The meeting Tuesday was good — I’m really enjoying it, and especially the numerous comments about my good insights. But now people keep asking me to bring in my work, and I don’t have any, and I’m scared.
Maybe that’s why I feel so stuck — I’m scared a new job won’t be better, new writing won’t be good.
Susan said she may be moving out of Gainesville. It doesn’t scare me, I don’t think, but I really like her and feel like she likes me and that we could do good things (for me). She says she has faith in me, that I can have the life I want.

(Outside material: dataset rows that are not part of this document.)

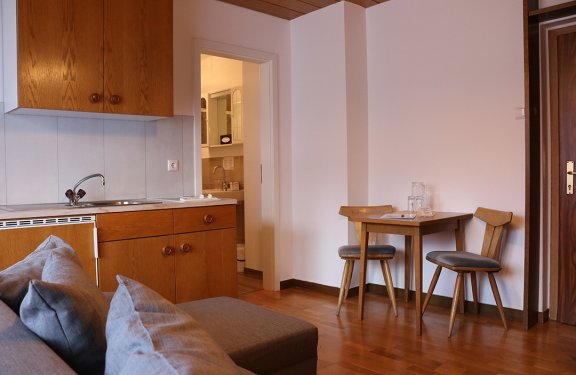 Small kitchen with wooden cabinets on left, gray sofa in foreground, table with two chairs on right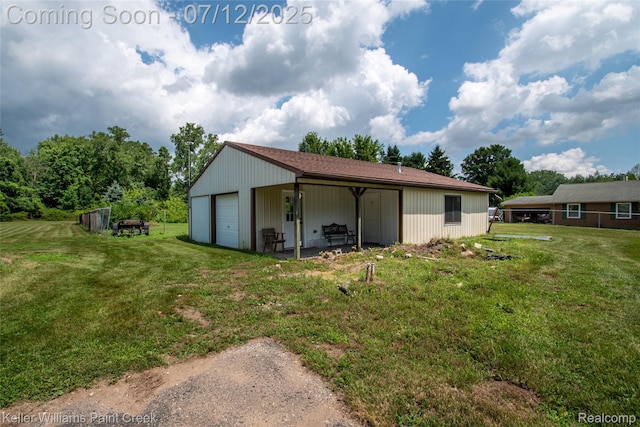 20525 30 Mile Rd, Ray, MI 48096 - back of house with a detached garage, a lawn, and an outbuilding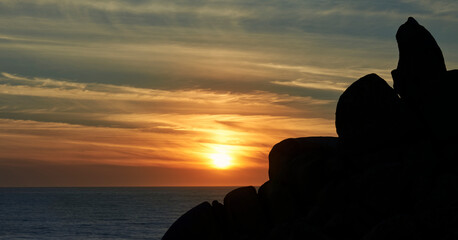 silhouette of a mountain of rocks against the light and beautiful sunset over the sea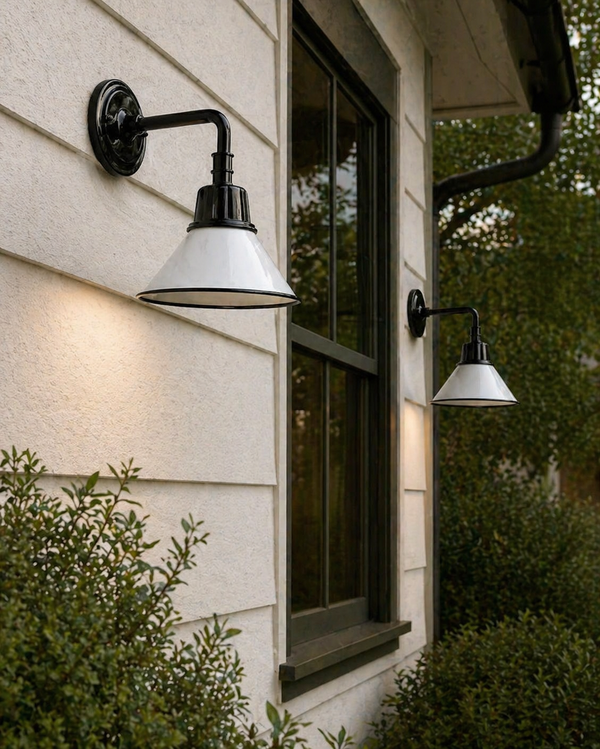 Two Surya Campo Wall Sconces are mounted on a beige house near a window and lush green shrubs.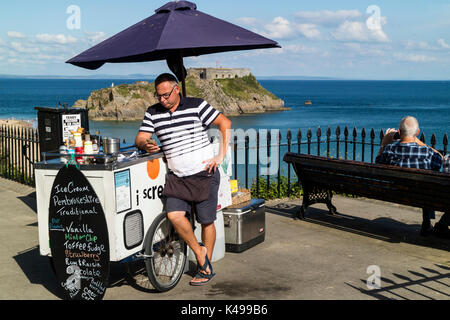 Ein Mann verkaufen Eis von einem Fahrrad am Meer in Tenby, Wales prüft seine Mobile/Handy mit St Catherine's Insel im Hintergrund Stockfoto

David called the other day. They had mediation conference calls, and he has agreed to pay [redacted] over the next [redacted] years. I suppose there is some sense in that because he left her, but I have no way of knowing if she was really hurt or just put out because her life plan wasn’t working out. In any case, I don’t approve of the whole [redacted] law firm involvement and the fact that neither [redacted], nor [redacted] needs the money. It feels like spite. I wonder what I would have done.
Ms. PB was out front when I got home from watching the Gator game tonight. She clearly wanted to come in the house. I fed her, thinking she probably didn’t eat because she was here. It really breaks my heart that she can’t just be my pet. I’ve really come to love her. And then there are the two kittens at the BP station. But Ms. PB has meowed her way into my heart.
Maybe I care too much about too many things.
David no longer has to be in court in Miami 9/24. That means he won’t be here for my birthday.